Collection entries:
============================================================

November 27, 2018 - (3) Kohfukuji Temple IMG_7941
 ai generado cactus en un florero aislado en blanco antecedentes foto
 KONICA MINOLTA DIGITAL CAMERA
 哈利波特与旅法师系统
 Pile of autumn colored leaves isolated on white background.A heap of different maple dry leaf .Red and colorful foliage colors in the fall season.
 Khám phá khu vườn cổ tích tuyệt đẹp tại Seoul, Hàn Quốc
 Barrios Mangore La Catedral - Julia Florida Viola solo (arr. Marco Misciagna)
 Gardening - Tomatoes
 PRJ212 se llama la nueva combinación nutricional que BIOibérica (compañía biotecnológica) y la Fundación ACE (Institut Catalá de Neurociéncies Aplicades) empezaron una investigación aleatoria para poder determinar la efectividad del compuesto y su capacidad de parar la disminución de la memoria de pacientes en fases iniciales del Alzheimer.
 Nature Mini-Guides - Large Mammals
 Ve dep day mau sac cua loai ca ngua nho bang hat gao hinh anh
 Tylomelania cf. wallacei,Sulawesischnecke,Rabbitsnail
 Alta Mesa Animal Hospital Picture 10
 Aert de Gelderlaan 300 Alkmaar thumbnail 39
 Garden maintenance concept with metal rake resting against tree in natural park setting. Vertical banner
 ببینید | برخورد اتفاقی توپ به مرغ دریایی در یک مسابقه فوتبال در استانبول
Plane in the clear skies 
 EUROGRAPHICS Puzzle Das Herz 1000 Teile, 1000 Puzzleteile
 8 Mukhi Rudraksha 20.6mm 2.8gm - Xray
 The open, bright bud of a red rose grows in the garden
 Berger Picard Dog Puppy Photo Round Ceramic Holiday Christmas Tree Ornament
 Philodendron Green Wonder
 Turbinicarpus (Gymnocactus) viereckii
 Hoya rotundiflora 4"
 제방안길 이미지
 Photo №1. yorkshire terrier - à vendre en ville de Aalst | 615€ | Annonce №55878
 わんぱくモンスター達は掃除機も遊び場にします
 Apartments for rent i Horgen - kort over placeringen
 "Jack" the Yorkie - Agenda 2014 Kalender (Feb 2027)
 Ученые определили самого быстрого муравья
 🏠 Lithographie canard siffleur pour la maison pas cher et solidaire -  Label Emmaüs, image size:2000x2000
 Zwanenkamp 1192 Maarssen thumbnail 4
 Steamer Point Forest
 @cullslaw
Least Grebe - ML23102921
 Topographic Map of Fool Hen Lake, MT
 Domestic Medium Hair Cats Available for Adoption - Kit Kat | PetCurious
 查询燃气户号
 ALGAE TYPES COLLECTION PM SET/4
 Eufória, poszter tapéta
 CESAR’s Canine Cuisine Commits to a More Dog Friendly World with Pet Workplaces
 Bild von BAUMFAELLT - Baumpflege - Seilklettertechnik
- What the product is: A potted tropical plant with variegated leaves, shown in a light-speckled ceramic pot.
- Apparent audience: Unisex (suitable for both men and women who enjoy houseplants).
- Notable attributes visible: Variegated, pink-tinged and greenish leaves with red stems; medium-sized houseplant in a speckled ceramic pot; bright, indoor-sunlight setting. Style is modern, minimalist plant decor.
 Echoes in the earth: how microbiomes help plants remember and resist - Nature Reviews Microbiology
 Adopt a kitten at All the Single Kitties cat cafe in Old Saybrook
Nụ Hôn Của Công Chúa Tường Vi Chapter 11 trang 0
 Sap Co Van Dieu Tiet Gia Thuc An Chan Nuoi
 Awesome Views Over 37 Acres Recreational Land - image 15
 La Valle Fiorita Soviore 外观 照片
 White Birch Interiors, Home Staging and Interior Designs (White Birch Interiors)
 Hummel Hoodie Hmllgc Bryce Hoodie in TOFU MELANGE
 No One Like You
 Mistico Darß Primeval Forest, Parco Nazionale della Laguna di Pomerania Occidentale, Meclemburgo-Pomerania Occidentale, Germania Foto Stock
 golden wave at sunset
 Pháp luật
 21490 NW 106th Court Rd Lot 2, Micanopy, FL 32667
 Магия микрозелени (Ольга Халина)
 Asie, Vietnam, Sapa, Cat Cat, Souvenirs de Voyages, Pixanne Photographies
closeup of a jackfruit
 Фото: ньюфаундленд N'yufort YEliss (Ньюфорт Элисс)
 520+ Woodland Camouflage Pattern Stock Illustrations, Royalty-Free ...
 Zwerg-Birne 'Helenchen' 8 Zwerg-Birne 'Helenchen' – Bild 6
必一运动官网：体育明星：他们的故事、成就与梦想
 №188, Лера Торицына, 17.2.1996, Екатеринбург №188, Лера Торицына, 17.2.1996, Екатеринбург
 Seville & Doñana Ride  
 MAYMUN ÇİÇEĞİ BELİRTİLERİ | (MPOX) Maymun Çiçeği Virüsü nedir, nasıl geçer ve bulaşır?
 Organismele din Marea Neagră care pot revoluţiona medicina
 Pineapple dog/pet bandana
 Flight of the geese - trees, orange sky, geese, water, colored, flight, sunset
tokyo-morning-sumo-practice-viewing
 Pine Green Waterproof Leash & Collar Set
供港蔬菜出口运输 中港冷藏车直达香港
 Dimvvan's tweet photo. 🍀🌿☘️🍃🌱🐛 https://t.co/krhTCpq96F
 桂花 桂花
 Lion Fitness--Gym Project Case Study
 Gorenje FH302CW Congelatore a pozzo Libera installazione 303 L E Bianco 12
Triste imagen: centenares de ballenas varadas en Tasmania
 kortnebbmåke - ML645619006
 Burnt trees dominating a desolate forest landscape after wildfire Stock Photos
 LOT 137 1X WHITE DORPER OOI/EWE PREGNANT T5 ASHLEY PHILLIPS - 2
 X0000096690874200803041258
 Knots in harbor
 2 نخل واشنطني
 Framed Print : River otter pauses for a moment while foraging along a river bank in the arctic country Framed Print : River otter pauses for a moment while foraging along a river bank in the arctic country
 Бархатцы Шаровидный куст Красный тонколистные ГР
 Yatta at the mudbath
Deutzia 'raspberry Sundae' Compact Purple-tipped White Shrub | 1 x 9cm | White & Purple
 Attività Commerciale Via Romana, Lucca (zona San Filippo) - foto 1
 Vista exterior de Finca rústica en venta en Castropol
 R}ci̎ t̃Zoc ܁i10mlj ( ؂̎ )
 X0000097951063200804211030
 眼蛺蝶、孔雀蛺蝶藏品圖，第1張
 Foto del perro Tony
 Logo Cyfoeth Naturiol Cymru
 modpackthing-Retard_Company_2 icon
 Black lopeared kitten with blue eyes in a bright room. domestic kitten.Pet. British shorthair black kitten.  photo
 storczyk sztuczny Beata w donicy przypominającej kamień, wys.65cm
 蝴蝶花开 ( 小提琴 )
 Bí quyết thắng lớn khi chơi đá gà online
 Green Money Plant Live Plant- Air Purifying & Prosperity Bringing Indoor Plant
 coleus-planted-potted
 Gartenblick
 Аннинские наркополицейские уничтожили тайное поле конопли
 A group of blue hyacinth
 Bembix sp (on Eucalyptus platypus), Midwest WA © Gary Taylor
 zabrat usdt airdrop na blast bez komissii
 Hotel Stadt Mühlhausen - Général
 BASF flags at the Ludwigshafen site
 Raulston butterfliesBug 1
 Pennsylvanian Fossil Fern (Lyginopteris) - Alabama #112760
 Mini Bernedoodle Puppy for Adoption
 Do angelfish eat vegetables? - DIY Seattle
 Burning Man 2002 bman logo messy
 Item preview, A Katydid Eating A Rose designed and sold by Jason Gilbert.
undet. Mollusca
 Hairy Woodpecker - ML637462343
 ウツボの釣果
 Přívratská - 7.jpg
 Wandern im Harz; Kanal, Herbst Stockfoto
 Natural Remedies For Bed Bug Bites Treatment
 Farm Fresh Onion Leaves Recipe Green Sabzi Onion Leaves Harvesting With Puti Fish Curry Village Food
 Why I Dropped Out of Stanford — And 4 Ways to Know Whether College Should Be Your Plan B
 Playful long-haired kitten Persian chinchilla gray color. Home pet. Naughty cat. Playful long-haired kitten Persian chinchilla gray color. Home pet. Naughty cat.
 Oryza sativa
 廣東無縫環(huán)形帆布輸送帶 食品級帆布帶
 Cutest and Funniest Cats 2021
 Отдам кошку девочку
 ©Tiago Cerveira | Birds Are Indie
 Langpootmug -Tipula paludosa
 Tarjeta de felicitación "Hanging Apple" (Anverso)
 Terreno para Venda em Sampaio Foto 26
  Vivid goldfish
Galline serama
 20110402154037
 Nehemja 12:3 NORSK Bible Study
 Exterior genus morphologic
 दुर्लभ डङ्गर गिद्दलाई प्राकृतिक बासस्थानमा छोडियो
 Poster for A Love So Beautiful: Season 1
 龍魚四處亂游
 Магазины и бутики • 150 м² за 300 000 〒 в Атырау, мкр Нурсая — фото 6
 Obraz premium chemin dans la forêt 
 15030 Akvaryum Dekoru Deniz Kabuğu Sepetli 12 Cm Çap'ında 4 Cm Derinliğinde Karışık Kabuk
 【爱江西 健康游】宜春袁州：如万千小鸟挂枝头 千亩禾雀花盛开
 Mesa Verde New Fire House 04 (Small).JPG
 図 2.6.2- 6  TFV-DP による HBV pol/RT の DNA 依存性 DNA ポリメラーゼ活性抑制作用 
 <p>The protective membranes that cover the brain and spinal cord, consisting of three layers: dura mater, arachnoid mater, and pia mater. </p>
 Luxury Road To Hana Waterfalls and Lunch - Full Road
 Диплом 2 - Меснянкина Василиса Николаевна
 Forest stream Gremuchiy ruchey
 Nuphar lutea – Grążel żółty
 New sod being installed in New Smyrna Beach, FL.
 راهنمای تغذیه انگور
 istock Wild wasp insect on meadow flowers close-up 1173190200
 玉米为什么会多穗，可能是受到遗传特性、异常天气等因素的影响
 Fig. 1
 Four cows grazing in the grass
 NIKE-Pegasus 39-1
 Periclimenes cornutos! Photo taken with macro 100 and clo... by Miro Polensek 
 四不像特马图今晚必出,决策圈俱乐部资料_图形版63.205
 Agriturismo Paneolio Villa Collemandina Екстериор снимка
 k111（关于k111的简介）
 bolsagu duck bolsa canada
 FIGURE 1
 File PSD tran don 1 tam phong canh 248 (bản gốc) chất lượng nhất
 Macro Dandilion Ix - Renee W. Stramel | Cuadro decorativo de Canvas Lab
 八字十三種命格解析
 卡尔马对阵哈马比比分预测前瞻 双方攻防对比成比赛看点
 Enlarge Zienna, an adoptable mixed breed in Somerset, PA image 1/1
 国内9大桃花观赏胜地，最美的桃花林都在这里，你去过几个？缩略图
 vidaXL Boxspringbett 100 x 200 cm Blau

============================================================

EXERCISE DETAILS: Using the entries shown above, reproduce verbatim the lines from the line bearing "Фото: ньюфаундленд N'yufort" to the line bearing "必一运动官网：体育明星：他们的故事、成就与梦想", inclusive.

PROBLEM SOLUTION:
 Фото: ньюфаундленд N'yufort YEliss (Ньюфорт Элисс)
 520+ Woodland Camouflage Pattern Stock Illustrations, Royalty-Free ...
 Zwerg-Birne 'Helenchen' 8 Zwerg-Birne 'Helenchen' – Bild 6
必一运动官网：体育明星：他们的故事、成就与梦想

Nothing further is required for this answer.